● **TASK BRIEF**
Your answer must be the lines from the one containing "Orvis Hydros Bank" through the last line below, copied exactly, with no pictures.

───── TASK DATA ─────

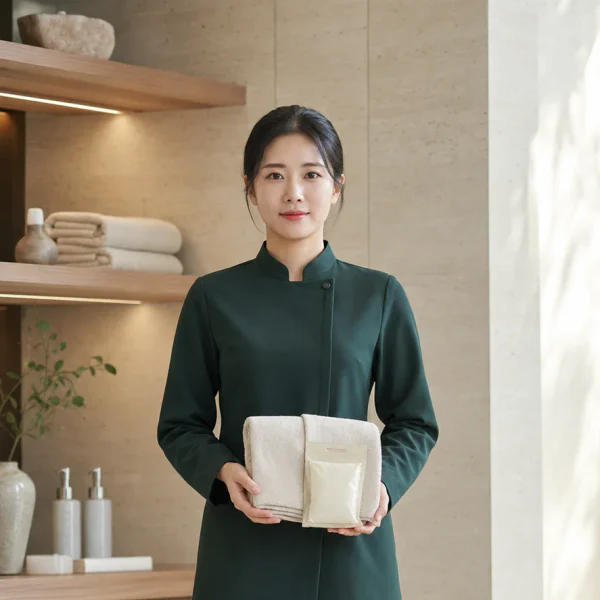 포레스트 혜리스튜디오 테라피 안내 이미지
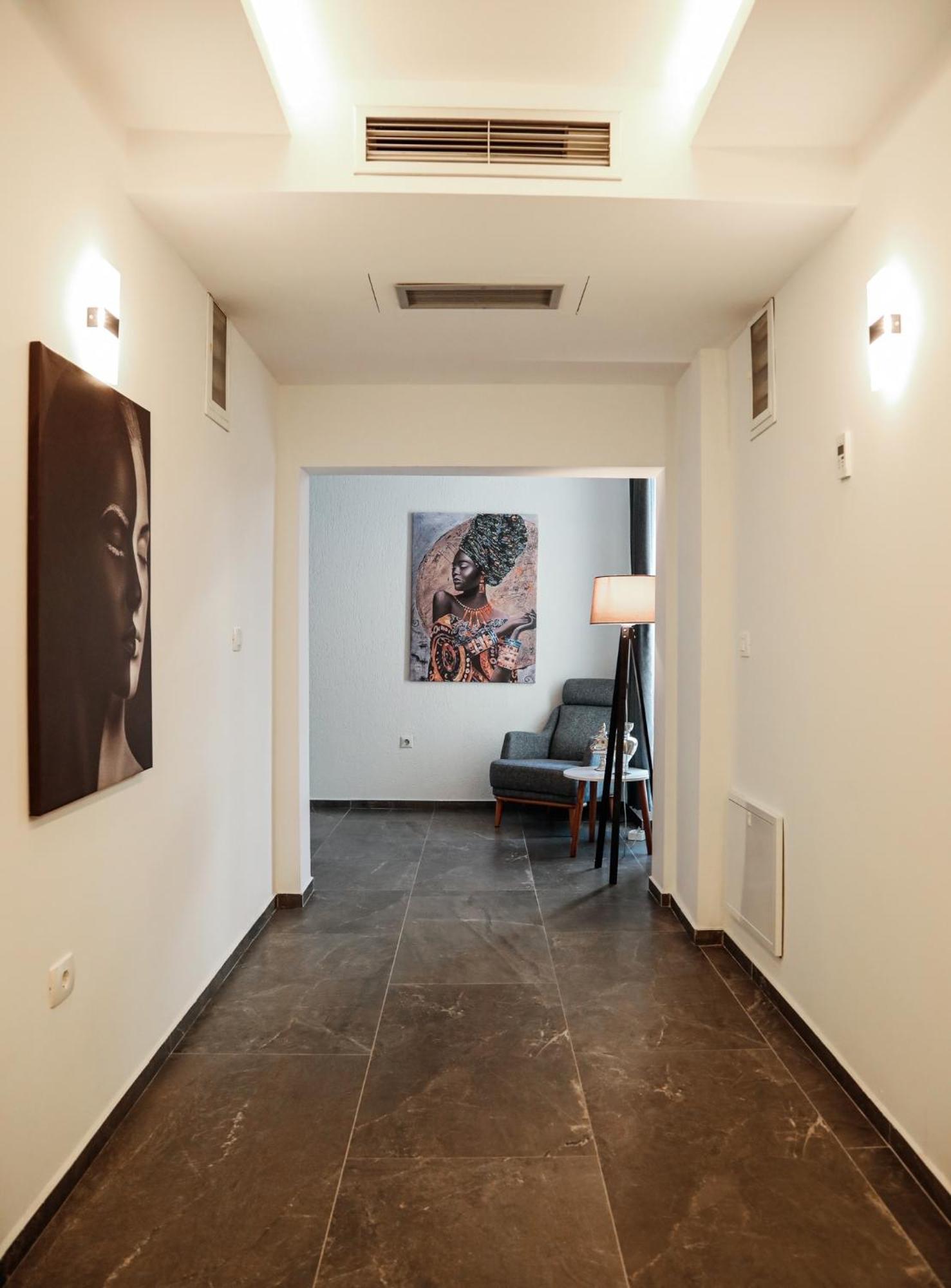 Hotel Europa 92 Ferizaj Eksteriør bilde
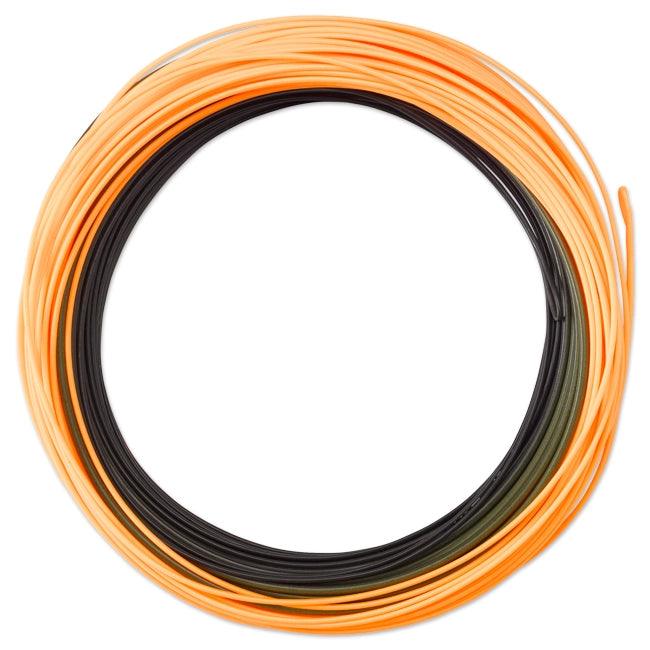 Orvis Hydros Bank Shot Sink Tip fly line - detail view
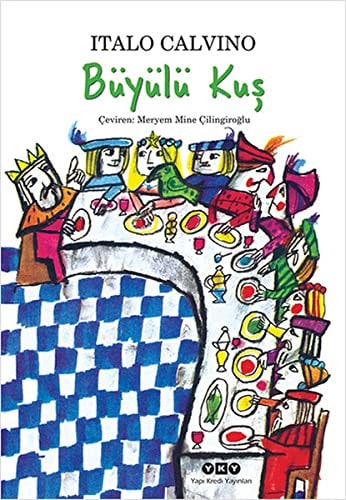 Büyülü kuş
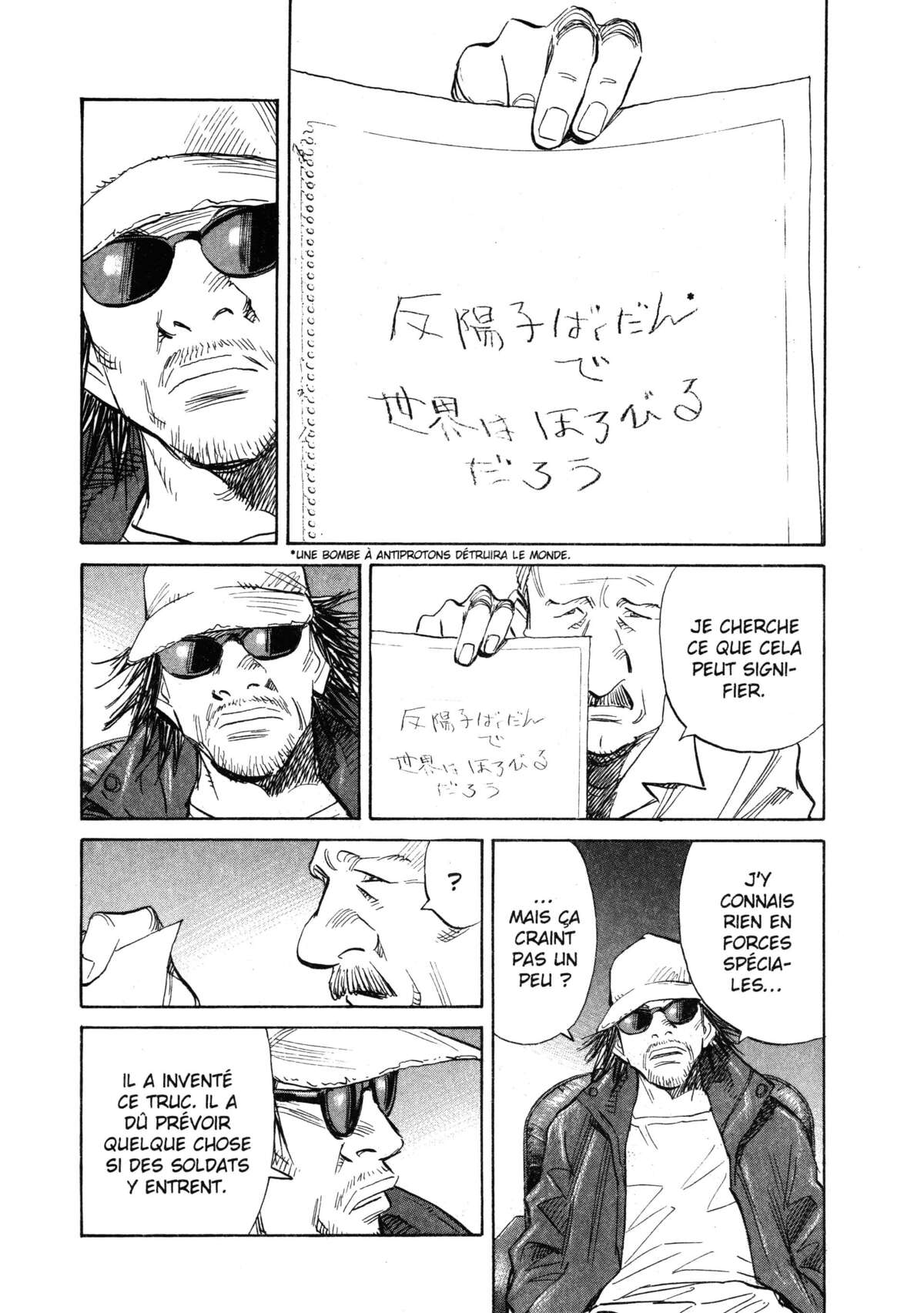21st Century Boys – Perfect Edition Volume 1 page 73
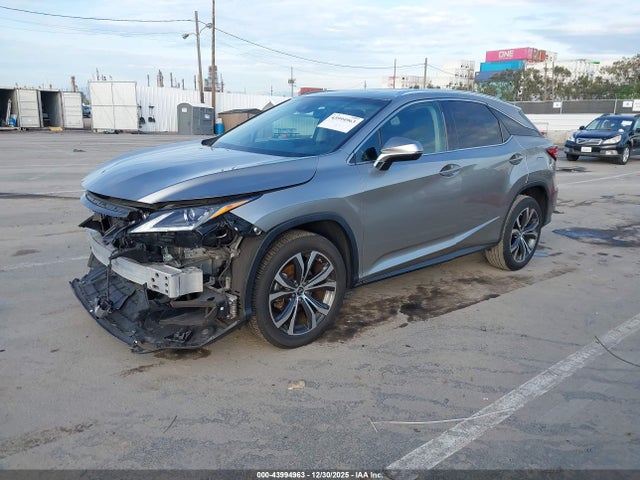 Lexus RX 350 2019 2T2ZZMCA1KC138157 Image 2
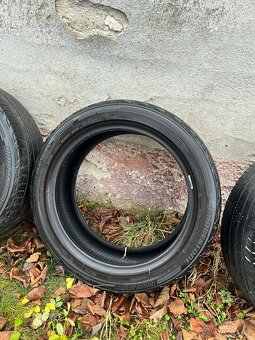 Letní pneu 215/50/18 Bridgestone Turanza - 4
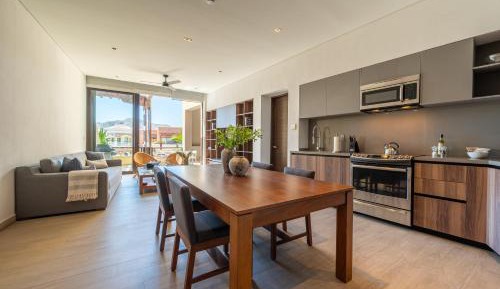 Premium Apartment, 2 Bedrooms, Terrace, Marina Views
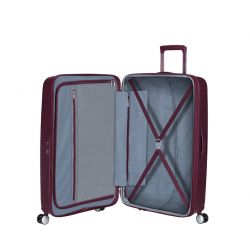 Valise 4 Roues 77cm Ext. Soundbox - American Tourister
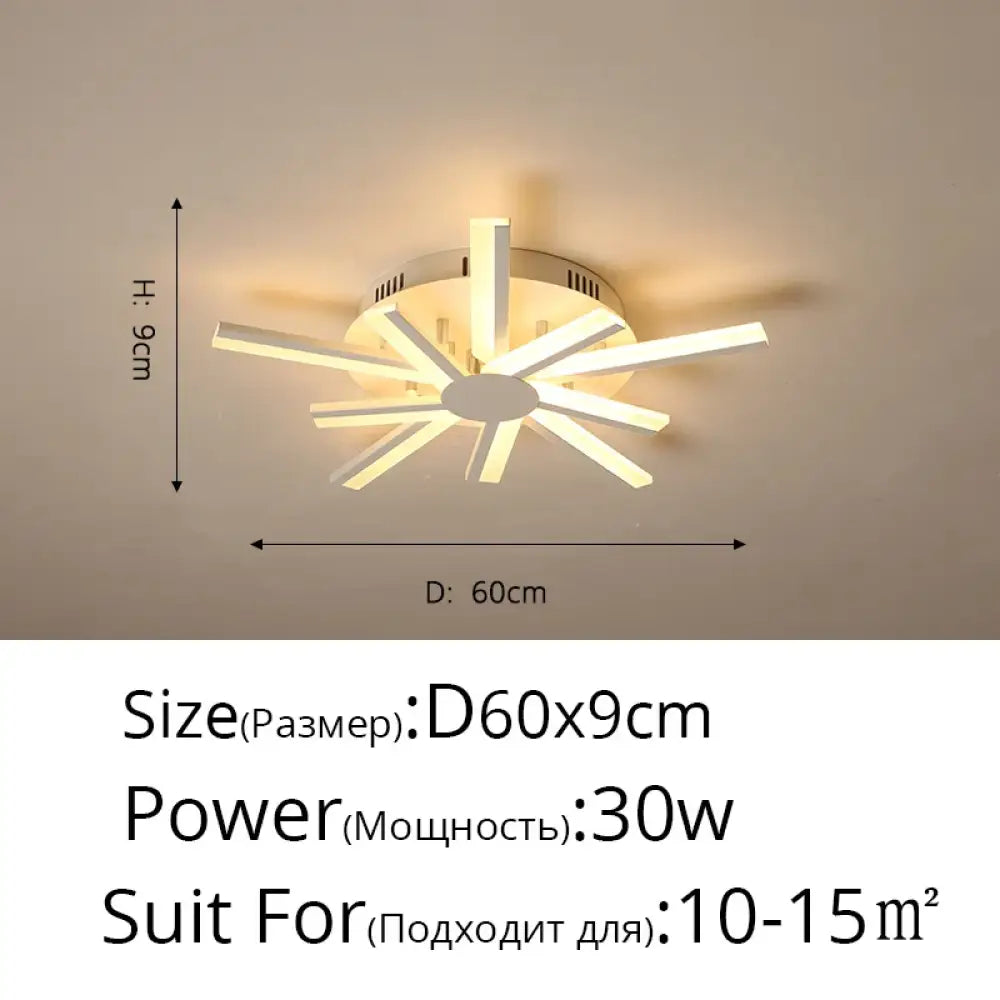 Modern Ceiling Light | Modern Kitchen Island Lighting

─────

● **RESULT OF THE EXERCISE**
 Orvis Hydros Bank Shot Sink Tip fly line - detail view
 Büyülü kuş
21st Century Boys – Perfect Edition Volume 1 page 73
 Lexus RX 350 2019 2T2ZZMCA1KC138157 Image 2
 Letní pneu 215/50/18 Bridgestone Turanza - 4
 Premium Apartment, 2 Bedrooms, Terrace, Marina Views
 Valise 4 Roues 77cm Ext. Soundbox - American Tourister
 Modern Ceiling Light | Modern Kitchen Island Lighting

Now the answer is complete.